By Alison Stone (Third Sector Cyber Resilience Coordinator, Scottish Business Resilience Centre) on 4th Sep 2019

“That job description sounds like a challenge – I fancy that!” I can’t believe it is three months since I uttered those words and a mere one and a half months since the challenge became mine.

My name is Alison Stone and I am the newly appointed Cyber Resilience co-ordinator at the Scottish Council for Voluntary Organisations (SCVO). My job, in a nutshell, is to provide support, guidance, signposting, help and advice to voluntary and community organisations to assist them in becoming more cyber aware and resilient. It’s a pretty big nutshell and a challenge that I am relishing.

Since joining SCVO, I have spent what feels like a huge amount of time trying to get to grips with the landscape of support for cyber resilience available in Scotland. Whilst getting my head around the jigsaw has been a complex piece of work, it is hugely reassuring to see just how much help and advice is available. From the provision of aNational Cyber Security Strategy by the UK Government to the Action Plans written by the Scottish Government, it is a well thought through and strategically focused arena.

Resources provided by the National Cyber Security Centre (NCSC) are plentiful and broad – from a Board Toolkit which helps get the subject of cyber resilience into the minds of the trustees and onto the risk register; to Exercise in a Box, a scenario-based training module, and the amazing Decisions and Disruptions Game – a tool produced by Lancaster University to stimulate discussion and decision-making around improving cyber resilience in Lego format (and who doesn’t like playing with Lego!?)

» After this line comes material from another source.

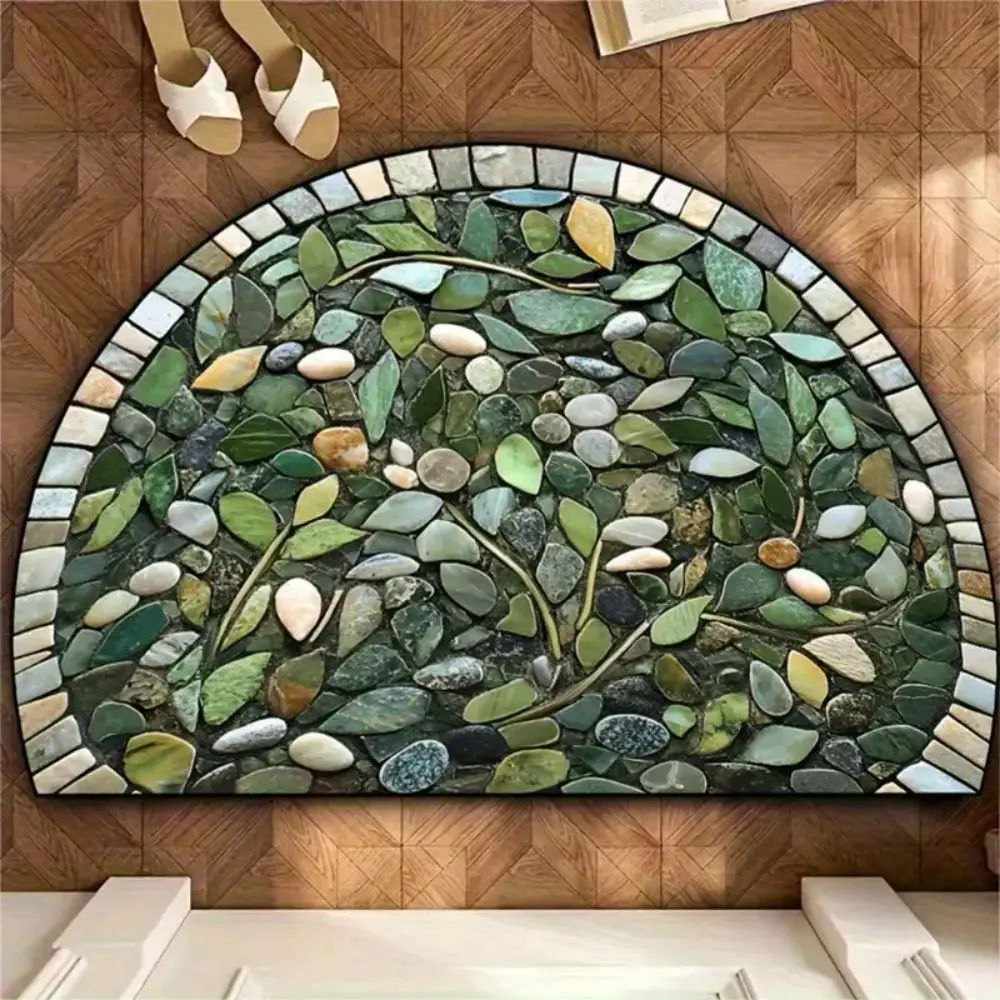 VIKAMA Artificial Flower Brick Doormat Noise Reduction Anti-Slip Bathroom Mat Entrance Hallway Carpet Retro Home Decor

Our own Scottish Government Cyber Resilience Unit have some great resources available for organisations to use – the staff training guide has some excellent examples of exercises that can be used to raise awareness. A review of your own digital footprint is a scary thing and, using the guidance provided in the toolkit, I quickly became aware that I was maybe over-sharing my personal life online! A sobering thought, and easily resolved when you have the knowledge.

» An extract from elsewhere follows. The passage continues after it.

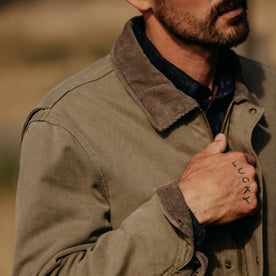 fit model showing the corduroy collar on The Workhorse Jacket in Stone Boss Duck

The challenge ahead in my new role is not inconsiderable, however, I am reassured from my investigations to date, that I have great support and resources available to help me fulfil my job description. The cyber landscape is complex and fast-moving, but I have confidence that we have a great support eco-system here in the UK, Scotland and the voluntary sector.

I look forward to spreading the news!